RevoU Python Assignment
Project Summary
- Imported and joined dataset from the source files.
- Conducted data cleaning such as removing null values, removing outliers, removing irrelevant values, and feature engineering.
- Conducted exploratory data analysis on the dataset and convey the important findings
- Created user segmentation using k-means clustering
Insights
- As time goes by the number of orders is increasing until it reaches the highest number of orders in November 2017 of 6,581 orders. Then the number of orders decreased and increased until the last in August 2018 as many as 6,313 orders.
- It can be concluded that the peak day is Tuesday, where the total number of orders reached 17660 orders.

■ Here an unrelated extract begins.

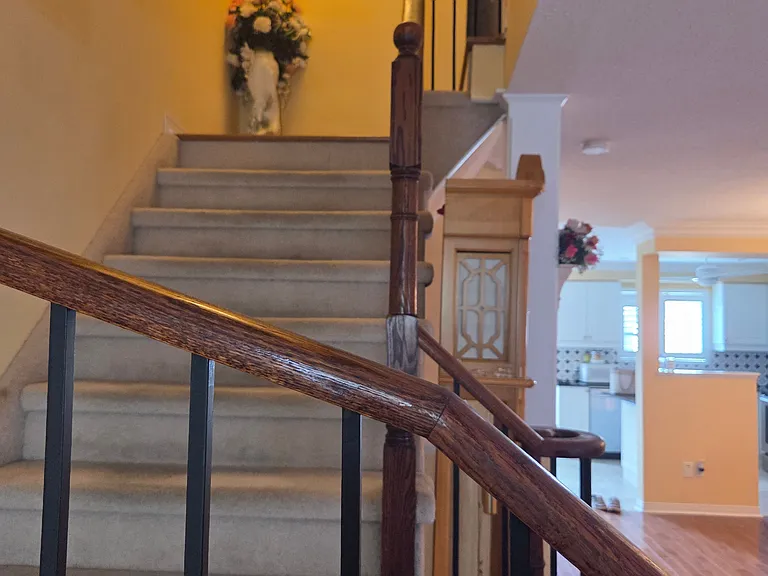 460 Woodmount Dr #52 — Photo 5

- The most obtained were credit cards with a percentage of 73.21%, followed by boleto with a percentage of 19.33%, vouchers at 5.93%, and finally debit cards at 1.53%.
- Obtained 4 clusters based on elbow method and silhouette analysis.
Project Files
For a more comprehensive analysis and visualization, please open the project files.Project Background
Python is the most challenging yet also exciting data programming languages. In this assignment we practiced python skills such as data cleaning and exploratory data analysis using python code. Also, we practiced more advanced python skills such as user segmentation using cluster analysis. We used Google Collab as a python notebook tools.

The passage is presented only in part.